Everything is done via contract.
And again, it depends on the particular arrangement.
Some are quite well documented, but as you would imagine, the contracts are all in either the vendor’s and often the broker’s favor.
The basis of the agreement is the contract, so there’s no transfer of title.
Arguably, the perspective purchaser could lodge a caveat, but it seems nobody ever does, and there simply is no interest in the title.
What you could do is you could rely on that contractual right and you could try and proceed in a court, but who has the time and the energy and the money to do that?
Particularly when the people who were targeted by these schemes are often challenged economically to begin with.
Kevin: In the article, you also say the Consumer Action Law Center has seen no examples of successful rent-to-buy deals anywhere.
How can this be legal?
Prof.

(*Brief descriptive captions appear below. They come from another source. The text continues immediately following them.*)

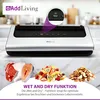 Appareil de mise sous vide AddLiving V100 Voir les images du produit 8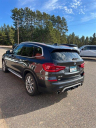 Thumbnail image of 2019 BMW X3 at Dotty Auto Company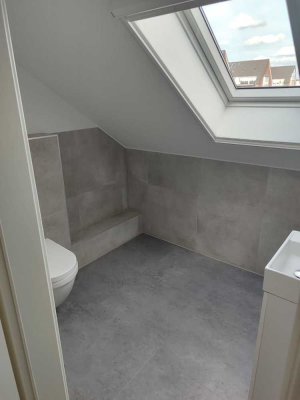 Haager Gracht 13, 30926 Seelze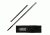 Vargo Chopstix T-206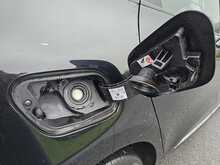 Renault Grand Scenic TCe Iconic 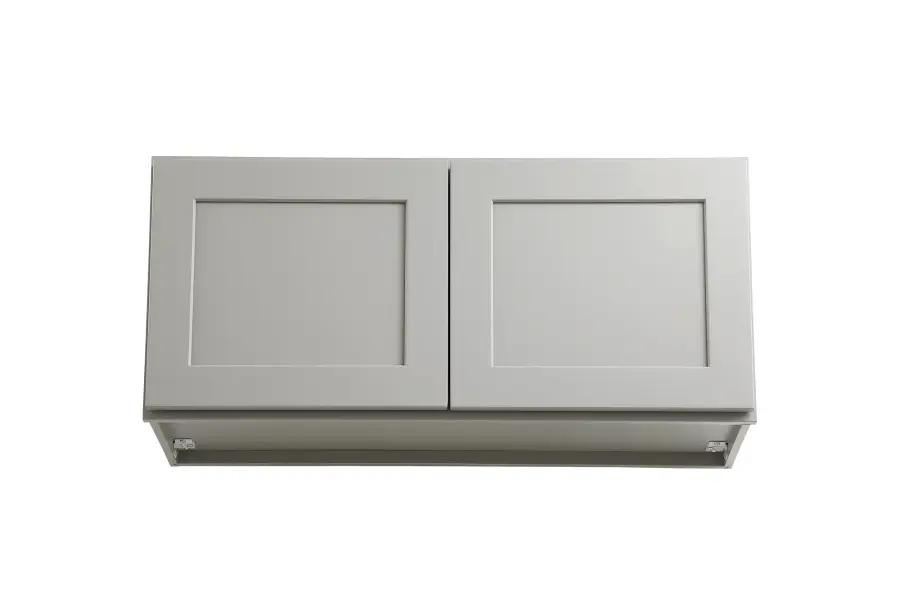 Kitchen Cabinet - Image 1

Webb: It’s legal because it hasn’t been made illegal.
Basically, they’re operating in this twilight zone.
Where the problems arise with the law is that these sorts of things are regulated, across a smorgasbord of state and national law.

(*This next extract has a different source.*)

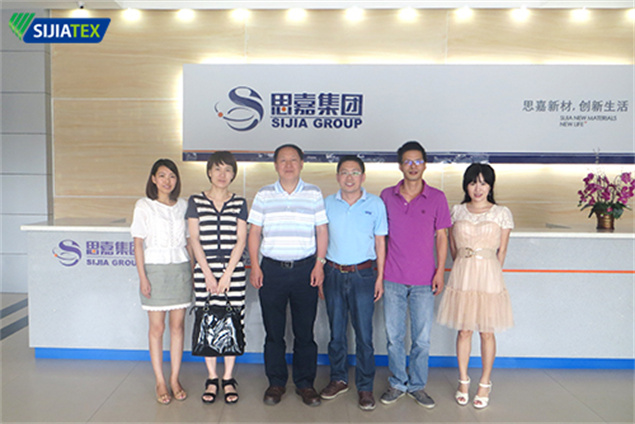 ae65108deb3aba68baab6d9e76819e35.jpg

Within each state, you have the state government being responsible for property laws and the carriage of much of the consumer law relevant to that jurisdiction.
Then you have the national credit law, so you have national laws in relation to responsible lending and the National Credit Code.
What is happening is that first of all, many of these transactions are falling through the cracks.
Just a quick example: many of the brokers who are involved in this area are not licensed and therefore, if they’re not licensed, they’re not being caught by the national credit laws.
Similarly, other transactions just simply fall through the cracks, so they don’t fit within the particular state legislation, they don’t fit within the national legislation.
Of course, it’s inconsistent across the country because one of the joys of being in a federation is, of course, we have a lot of different state laws.
In some states, the consumer protection authorities have actually been quite proactive, in Western Australian they’ve been very proactive with going after these guys, but in other states, there isn’t as much opportunity to do so.
Kevin: Do we really know how widespread it is?
Prof. Webb: No, we don’t, because as Consumer Action actually noted in their report there’s very little usable data because the thing is the property doesn’t change hands, you don’t pick that up, and you don’t get anything from the consumer protection agencies unless they’re following up a complaint.
You don’t get anything from land titles.
You don’t get anything stamp duty offices because, again, you haven’t got these things changing hands.
What we do have is evidence that legal services and consumer organizations and the consumer regulators are seeing more and more of these transactions.
We have anecdotal evidence of an increase in these types of transactions.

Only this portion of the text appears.